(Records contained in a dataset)
☆ ☆ ☆ ☆ ☆

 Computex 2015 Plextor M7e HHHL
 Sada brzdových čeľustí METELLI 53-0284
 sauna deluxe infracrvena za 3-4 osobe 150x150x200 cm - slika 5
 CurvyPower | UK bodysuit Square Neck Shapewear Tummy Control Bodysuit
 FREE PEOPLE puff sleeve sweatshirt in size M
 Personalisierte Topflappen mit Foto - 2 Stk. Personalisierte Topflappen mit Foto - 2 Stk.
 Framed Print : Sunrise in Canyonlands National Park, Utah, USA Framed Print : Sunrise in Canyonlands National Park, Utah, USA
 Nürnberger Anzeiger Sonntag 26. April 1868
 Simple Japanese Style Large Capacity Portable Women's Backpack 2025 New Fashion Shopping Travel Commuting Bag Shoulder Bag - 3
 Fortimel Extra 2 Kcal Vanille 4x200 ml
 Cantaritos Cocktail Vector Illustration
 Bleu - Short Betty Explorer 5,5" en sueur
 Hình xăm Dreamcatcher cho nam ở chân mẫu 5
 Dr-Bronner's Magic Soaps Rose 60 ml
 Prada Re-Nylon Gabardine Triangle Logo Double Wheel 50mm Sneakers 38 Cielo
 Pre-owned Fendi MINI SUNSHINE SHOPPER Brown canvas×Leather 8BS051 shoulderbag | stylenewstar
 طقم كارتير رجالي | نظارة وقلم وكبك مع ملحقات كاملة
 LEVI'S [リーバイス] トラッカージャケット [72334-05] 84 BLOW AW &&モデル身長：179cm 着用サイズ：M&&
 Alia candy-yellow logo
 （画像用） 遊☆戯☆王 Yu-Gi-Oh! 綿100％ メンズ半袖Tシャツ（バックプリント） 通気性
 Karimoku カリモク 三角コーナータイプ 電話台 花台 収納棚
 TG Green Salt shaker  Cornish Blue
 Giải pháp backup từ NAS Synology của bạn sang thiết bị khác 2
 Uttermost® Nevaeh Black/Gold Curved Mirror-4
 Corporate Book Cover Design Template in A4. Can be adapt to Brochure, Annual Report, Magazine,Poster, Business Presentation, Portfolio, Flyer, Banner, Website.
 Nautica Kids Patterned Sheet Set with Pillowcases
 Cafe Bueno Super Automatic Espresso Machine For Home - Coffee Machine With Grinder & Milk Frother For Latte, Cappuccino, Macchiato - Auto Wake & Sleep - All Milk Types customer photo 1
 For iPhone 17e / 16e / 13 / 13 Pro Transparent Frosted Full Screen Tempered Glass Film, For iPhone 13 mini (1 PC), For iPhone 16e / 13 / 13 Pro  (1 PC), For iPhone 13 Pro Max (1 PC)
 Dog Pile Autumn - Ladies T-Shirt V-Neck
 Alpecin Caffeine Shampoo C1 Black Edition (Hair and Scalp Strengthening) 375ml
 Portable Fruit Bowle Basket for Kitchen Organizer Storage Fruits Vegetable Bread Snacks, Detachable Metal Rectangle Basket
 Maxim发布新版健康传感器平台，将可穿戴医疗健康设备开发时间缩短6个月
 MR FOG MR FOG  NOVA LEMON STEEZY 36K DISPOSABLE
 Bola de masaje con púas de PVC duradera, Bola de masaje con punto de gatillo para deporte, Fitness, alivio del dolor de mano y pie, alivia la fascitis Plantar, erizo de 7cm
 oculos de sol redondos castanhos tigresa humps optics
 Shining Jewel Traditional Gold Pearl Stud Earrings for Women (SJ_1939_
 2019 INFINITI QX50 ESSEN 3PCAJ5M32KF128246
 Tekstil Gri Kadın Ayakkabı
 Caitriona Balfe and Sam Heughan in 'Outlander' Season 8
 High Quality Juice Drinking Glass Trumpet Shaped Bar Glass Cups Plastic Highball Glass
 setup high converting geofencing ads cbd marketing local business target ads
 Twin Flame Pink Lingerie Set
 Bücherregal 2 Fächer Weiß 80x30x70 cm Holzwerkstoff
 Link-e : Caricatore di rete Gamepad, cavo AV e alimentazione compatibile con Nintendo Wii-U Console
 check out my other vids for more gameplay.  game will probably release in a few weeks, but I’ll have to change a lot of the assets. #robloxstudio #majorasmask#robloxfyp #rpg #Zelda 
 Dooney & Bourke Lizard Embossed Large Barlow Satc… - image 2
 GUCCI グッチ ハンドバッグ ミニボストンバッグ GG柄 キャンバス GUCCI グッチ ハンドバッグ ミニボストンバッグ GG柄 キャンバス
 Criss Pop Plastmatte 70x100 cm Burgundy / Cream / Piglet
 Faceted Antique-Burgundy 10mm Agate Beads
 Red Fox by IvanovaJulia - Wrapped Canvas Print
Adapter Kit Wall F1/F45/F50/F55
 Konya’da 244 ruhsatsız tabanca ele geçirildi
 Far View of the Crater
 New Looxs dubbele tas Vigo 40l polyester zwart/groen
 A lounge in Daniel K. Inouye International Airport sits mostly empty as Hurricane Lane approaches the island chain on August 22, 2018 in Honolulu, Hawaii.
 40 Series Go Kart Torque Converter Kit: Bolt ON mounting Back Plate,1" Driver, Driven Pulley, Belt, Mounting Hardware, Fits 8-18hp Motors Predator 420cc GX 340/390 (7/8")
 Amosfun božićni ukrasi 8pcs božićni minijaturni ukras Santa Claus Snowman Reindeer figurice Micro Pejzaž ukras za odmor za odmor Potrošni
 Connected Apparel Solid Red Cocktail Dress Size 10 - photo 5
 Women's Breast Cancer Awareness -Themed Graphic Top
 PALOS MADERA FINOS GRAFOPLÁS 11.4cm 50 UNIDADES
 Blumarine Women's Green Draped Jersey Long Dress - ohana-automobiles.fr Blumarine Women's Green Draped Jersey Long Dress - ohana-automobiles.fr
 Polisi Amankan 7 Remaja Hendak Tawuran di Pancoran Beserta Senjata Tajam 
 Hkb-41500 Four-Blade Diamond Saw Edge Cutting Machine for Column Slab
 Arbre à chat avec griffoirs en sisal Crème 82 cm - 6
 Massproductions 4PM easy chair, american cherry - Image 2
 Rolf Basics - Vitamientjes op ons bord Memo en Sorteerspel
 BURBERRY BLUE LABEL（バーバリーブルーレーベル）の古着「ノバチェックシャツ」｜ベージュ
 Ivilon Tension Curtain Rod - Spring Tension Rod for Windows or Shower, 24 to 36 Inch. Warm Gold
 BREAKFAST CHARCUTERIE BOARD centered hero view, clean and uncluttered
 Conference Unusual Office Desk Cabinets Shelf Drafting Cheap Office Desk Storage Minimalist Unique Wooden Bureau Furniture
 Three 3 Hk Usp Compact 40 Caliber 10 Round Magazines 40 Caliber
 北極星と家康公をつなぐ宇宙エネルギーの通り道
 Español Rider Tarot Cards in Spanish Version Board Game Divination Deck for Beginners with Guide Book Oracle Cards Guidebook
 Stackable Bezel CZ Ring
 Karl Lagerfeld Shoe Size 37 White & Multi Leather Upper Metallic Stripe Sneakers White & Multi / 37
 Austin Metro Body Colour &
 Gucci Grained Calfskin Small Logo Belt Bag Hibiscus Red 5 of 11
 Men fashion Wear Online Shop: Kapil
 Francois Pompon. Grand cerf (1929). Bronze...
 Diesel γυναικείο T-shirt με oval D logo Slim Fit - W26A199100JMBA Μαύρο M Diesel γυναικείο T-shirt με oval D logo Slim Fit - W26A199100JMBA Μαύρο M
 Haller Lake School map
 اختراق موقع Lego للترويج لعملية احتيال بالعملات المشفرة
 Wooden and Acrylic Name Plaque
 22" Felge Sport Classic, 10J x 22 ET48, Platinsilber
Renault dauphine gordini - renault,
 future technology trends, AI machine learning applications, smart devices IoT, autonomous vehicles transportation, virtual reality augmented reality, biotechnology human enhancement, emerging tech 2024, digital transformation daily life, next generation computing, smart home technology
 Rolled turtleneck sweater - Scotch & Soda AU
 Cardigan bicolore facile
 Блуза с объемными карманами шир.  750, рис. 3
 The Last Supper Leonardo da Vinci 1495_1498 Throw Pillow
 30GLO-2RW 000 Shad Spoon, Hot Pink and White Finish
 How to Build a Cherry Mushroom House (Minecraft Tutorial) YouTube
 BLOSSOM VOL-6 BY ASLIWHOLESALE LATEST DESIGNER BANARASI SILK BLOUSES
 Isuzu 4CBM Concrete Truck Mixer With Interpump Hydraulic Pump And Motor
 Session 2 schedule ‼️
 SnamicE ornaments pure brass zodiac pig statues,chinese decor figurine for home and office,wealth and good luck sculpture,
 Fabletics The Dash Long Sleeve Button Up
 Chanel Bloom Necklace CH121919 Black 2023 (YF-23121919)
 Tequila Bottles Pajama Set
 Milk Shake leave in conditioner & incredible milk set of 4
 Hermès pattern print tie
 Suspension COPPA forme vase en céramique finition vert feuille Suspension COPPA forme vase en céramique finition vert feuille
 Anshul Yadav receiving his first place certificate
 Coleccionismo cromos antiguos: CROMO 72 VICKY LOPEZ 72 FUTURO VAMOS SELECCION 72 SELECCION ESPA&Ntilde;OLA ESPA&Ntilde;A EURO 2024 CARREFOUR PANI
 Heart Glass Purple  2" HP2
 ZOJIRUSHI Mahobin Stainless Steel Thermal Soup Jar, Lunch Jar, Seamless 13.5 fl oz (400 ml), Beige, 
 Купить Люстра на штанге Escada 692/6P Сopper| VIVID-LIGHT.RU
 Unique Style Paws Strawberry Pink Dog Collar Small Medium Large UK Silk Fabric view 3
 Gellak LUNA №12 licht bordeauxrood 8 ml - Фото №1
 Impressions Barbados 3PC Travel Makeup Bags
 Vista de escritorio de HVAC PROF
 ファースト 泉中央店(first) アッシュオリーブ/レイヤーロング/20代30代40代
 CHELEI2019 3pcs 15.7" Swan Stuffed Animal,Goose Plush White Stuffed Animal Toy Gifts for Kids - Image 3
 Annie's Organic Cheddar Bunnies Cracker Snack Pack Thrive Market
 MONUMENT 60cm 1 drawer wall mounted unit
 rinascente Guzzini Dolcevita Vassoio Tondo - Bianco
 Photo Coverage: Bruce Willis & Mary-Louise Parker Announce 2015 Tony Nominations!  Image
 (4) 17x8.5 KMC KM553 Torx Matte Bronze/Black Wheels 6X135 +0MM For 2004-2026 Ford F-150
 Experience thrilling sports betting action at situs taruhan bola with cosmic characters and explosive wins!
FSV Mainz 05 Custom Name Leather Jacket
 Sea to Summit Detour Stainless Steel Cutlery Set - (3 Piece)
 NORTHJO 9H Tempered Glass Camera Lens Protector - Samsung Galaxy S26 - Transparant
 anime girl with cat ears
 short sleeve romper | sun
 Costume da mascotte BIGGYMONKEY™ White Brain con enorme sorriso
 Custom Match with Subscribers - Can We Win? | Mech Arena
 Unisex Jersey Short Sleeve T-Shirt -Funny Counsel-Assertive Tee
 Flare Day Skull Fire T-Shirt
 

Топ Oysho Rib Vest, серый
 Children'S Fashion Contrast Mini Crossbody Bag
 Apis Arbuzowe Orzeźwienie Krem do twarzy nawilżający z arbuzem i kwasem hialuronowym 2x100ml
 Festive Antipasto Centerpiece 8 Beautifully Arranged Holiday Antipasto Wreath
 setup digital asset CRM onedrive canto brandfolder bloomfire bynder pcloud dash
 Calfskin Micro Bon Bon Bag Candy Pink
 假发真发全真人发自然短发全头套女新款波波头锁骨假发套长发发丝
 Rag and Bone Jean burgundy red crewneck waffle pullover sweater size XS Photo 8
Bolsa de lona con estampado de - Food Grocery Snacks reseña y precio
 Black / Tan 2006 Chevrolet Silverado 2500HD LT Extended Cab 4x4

☆ ☆ ☆ ☆ ☆

■ Work item ■
In the entries above, find the line holding "Session 2 schedule ‼️" and the line holding "(4) 17x8.5 KMC"; print both of them and every line between, exactly, and nothing else.

■ Response to the exercise ■
 Session 2 schedule ‼️
 SnamicE ornaments pure brass zodiac pig statues,chinese decor figurine for home and office,wealth and good luck sculpture,
 Fabletics The Dash Long Sleeve Button Up
 Chanel Bloom Necklace CH121919 Black 2023 (YF-23121919)
 Tequila Bottles Pajama Set
 Milk Shake leave in conditioner & incredible milk set of 4
 Hermès pattern print tie
 Suspension COPPA forme vase en céramique finition vert feuille Suspension COPPA forme vase en céramique finition vert feuille
 Anshul Yadav receiving his first place certificate
 Coleccionismo cromos antiguos: CROMO 72 VICKY LOPEZ 72 FUTURO VAMOS SELECCION 72 SELECCION ESPA&Ntilde;OLA ESPA&Ntilde;A EURO 2024 CARREFOUR PANI
 Heart Glass Purple  2" HP2
 ZOJIRUSHI Mahobin Stainless Steel Thermal Soup Jar, Lunch Jar, Seamless 13.5 fl oz (400 ml), Beige, 
 Купить Люстра на штанге Escada 692/6P Сopper| VIVID-LIGHT.RU
 Unique Style Paws Strawberry Pink Dog Collar Small Medium Large UK Silk Fabric view 3
 Gellak LUNA №12 licht bordeauxrood 8 ml - Фото №1
 Impressions Barbados 3PC Travel Makeup Bags
 Vista de escritorio de HVAC PROF
 ファースト 泉中央店(first) アッシュオリーブ/レイヤーロング/20代30代40代
 CHELEI2019 3pcs 15.7" Swan Stuffed Animal,Goose Plush White Stuffed Animal Toy Gifts for Kids - Image 3
 Annie's Organic Cheddar Bunnies Cracker Snack Pack Thrive Market
 MONUMENT 60cm 1 drawer wall mounted unit
 rinascente Guzzini Dolcevita Vassoio Tondo - Bianco
 Photo Coverage: Bruce Willis & Mary-Louise Parker Announce 2015 Tony Nominations!  Image
 (4) 17x8.5 KMC KM553 Torx Matte Bronze/Black Wheels 6X135 +0MM For 2004-2026 Ford F-150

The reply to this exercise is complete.